Locate the line that contains "That does it" in the entries below, then repeat it and every following line through the line that contains "Cook for three", exactly, and no others.
•••
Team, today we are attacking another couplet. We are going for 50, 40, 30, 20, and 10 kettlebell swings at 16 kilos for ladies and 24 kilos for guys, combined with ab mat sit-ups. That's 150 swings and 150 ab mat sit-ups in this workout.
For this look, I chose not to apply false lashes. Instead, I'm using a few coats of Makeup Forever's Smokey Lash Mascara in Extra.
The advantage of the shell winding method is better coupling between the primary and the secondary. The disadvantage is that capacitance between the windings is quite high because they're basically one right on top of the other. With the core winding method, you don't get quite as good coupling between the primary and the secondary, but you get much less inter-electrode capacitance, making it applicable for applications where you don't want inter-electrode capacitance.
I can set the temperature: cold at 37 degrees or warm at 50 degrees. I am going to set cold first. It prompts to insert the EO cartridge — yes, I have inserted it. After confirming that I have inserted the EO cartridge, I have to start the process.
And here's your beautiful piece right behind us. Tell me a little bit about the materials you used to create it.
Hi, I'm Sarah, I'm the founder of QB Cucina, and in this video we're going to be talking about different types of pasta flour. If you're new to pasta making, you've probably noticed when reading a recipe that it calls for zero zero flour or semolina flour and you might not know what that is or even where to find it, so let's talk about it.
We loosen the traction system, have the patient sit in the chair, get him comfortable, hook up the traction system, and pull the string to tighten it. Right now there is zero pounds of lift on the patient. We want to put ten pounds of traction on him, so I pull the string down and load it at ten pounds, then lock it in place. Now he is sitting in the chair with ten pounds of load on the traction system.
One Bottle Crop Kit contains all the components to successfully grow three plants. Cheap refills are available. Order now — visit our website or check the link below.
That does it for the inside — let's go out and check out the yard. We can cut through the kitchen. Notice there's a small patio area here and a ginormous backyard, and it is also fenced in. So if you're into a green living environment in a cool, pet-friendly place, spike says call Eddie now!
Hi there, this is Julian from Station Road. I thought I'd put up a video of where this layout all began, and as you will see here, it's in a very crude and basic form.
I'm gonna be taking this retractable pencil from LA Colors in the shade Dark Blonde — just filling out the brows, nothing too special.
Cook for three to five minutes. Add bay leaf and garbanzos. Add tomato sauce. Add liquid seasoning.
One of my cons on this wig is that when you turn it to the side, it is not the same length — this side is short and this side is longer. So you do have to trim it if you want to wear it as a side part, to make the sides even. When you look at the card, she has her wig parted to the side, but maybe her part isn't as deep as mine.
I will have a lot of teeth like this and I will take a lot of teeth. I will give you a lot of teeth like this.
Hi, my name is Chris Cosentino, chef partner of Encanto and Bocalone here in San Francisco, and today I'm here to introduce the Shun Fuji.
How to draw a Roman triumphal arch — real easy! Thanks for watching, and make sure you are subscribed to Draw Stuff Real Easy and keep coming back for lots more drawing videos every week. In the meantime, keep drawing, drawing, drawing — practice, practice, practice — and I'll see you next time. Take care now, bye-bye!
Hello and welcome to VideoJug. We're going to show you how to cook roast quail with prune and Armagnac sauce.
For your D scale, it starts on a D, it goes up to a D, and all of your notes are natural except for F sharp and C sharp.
•••
The answer
That does it for the inside — let's go out and check out the yard. We can cut through the kitchen. Notice there's a small patio area here and a ginormous backyard, and it is also fenced in. So if you're into a green living environment in a cool, pet-friendly place, spike says call Eddie now!
Hi there, this is Julian from Station Road. I thought I'd put up a video of where this layout all began, and as you will see here, it's in a very crude and basic form.
I'm gonna be taking this retractable pencil from LA Colors in the shade Dark Blonde — just filling out the brows, nothing too special.
Cook for three to five minutes. Add bay leaf and garbanzos. Add tomato sauce. Add liquid seasoning.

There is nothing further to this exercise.